A highly anticipated bipartisan gun safety package made its way through the Senate on Tuesday, setting up a possible floor vote on final passage by the end of the week.

Senator Chuck Schumer of New York, the majority leader, pledged to put the agreement up for a vote once the legislation had been completed.

Approximately two hours after a bipartisan group of senators unveiled the bill text, the Senate passed the legislation by a vote of 64-34. All 50 Democrats and 14 Republicans supported the legislation.

The senators knew they had to act quickly because the death of 10 black individuals at a Buffalo, New York, supermarket in May and of 19 youngsters in Uvalde, Texas, had sparked a sense of urgency.

The last important federal gun control law, which forbade the production of assault rifles and large-capacity ammunition clips for civilian usage, was approved in 1994.

Although the daily average of mass shootings increased to 11 this year, according to the Gun Violence Archive, it expired a decade later and no significant reform efforts have been made since.

On June 12, a group of senators from both parties came to an agreement on a framework that calls for money for mental health and school safety initiatives as well as improved background checks for buyers under the age of 21.

The strategy also requests cash to encourage states to enact “red flag” legislation that require them to take away firearms from people they deem to be threats.

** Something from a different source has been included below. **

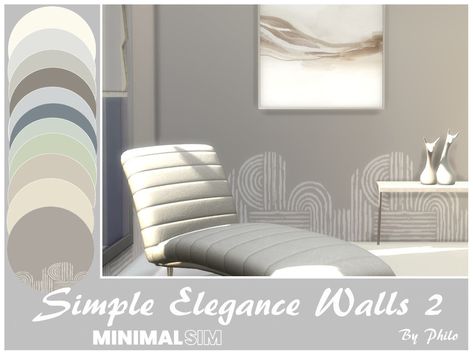 The Sims Resource - MinimalSIM Simple Elegance Painted Walls Sims 4 Walls, Half Painted Walls, Sims 4 Beds, Terracotta Floors, Sims 4 House Plans, 4 Wallpaper, Painted Walls, Sims 4 Cc Furniture, Sims 4 Build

The bill will “protect America’s children, keep our schools safe, and minimize the threat of violence throughout our country,” according to the four principal negotiators, Senators Chris Murphy, John Cornyn, Kyrsten Sinema, and Thom Tillis, before the vote.

“Our legislation will save lives and will not infringe on any law-abiding American’s Second Amendment rights,” the senators said in a statement. “We look forward to earning broad, bipartisan support and passing our commonsense legislation into law.”

Senator Christopher S. Murphy, Democrat of Connecticut and a longtime champion of gun reform legislation, helped lead the discussions.

The procedural vote on Tuesday puts the Senate on track to fulfill the deadline set by the negotiators to enact the bill before legislators depart for their July Fourth break. The legislation would be the most substantial response by Congress to a mass shooting in almost 30 years.

Senate Minority Leader Mitch McConnell declared his intention to support the legislation on Tuesday, calling it a “commonsense package of popular steps.” Senate Majority Leader Chuck Schumer promised that the Senate would “proceed to final passage as fast as feasible.”

While senators involved in the negotiations had hoped to complete the legislative language last week, discussions stalled over two issues: how to support so-called red flag laws, which permit the seizure of weapons from those deemed a danger to themselves or others, and closing the “boyfriend loophole” by extending restrictions on the purchase of firearms by people who have abused romantic partners.

Republicans have voiced reservations about the enhanced limits’ definition of a long-term connection as well as the significance of returning gun rights to those with petty offenses. By the time lawmakers published the legislative text, those problems had been fixed.

“This bill is not going to please everyone,” Cornyn said. “But I believe the … same people who are telling us to do something are sending us a clear message: to do what we can to keep our children and communities safe.”

Cornyn said he wanted at least 70 senators to support the bill, but so far, five Republicans who weren’t among the original ten to support the framework have stated they might support it if it comes to the floor. During a closed-door GOP lunch last week, conservative members of the conference objected to some of the framework’s elements. The Texas GOP also chastised Cornyn and the other Republicans for taking part in the gun talks over the weekend.

Tuesday night, the National Rifle Association declared that it would oppose the proposed legislation, claiming that “it falls short at every level” and “does little to truly address violent crime while opening the door to unnecessary burdens on the exercise of Second Amendment freedom by law-abiding gun owners.”